1 December 2014 Edition
The pointless game with no winners
It’s difficult to see such a concept catching on in the GAA, unless one happens to be from Fermanagh
I RECALL one time collecting our Ciara from school. Normally she would be bubbly and effusive – black cat, black kitten – but this day she was less than gruntled. The cause, it transpired, was the soccer match ‘Teacher’ had organised in the yard. Don’t fret, Ciara’s displeasure was not based on cultural disdain. Rather, she was peeved over the fact that Teacher had introduced them to the concept of games in which no one wins and nobody loses.
Seemingly, some regard this as a grounding for a fair society in which everyone gets to feel good about themselves and all outcomes are the same, no matter what we do. Ants and termites thrive under such a dispensation.
The kidgers were mortified and engineered a demarche by abandoning the match when one team went a goal up! It’s difficult to see such a concept catching on in the GAA, unless one happens to be from Fermanagh.
Christopher Lasch, the American philosopher, disliked people who sought to use sport for ulterior motives, for:
“Games quickly lose their charm when forced into the service of education, character development, or social improvement.”
While Ciara’s teacher was no doubt attempting in good faith to transform the Hobbesian world of the playground into a prelapsarian Utopia, she was acting in the manner referred to by Lasch.
So too, on a vaster scale, were the totalitarians who sought to use sport to prove that the master race or party had created a new type of human.
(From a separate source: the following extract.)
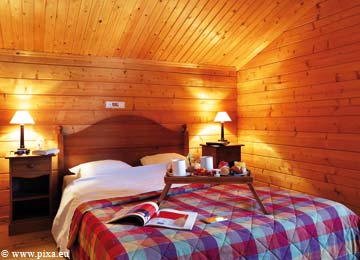 France - Alpes et Savoie - Morillon - Les Chalets du Bois de Champelle - 6 à 10 personnes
Thankfully, people have little time for that and appreciate what Lasch describes as sport’s “gloriously pointless” nature.
Sport is pointless but it also provides an outlet for aspects of human nature such as creativity, competitiveness and aggression that are not a daily part of most people’s lives. Indeed, they are positively discouraged. Try skipping the queue in the supermarket to test that hypothesis. And most people do not actively participate in sport so its emotional content is transferred onto mainly professional sportspersons. According to Johan Huizinga in Homo Ludens that encourages the spectator’s craving for “trivial recreation and crude sensationalism”.
While Huizinga may be correct with regard to televised sport (the only medium through which most people have contact with ‘live’ sport), his strictures can hardly be applied to those who watch sport in the flesh. Those who travel to Tbilisi or Tórshavn or teetotal Tehran to support the Irish soccer team, or the four mad people who travel the country with the Carlow hurlers, can hardly be depicted as mindless sensation seekers.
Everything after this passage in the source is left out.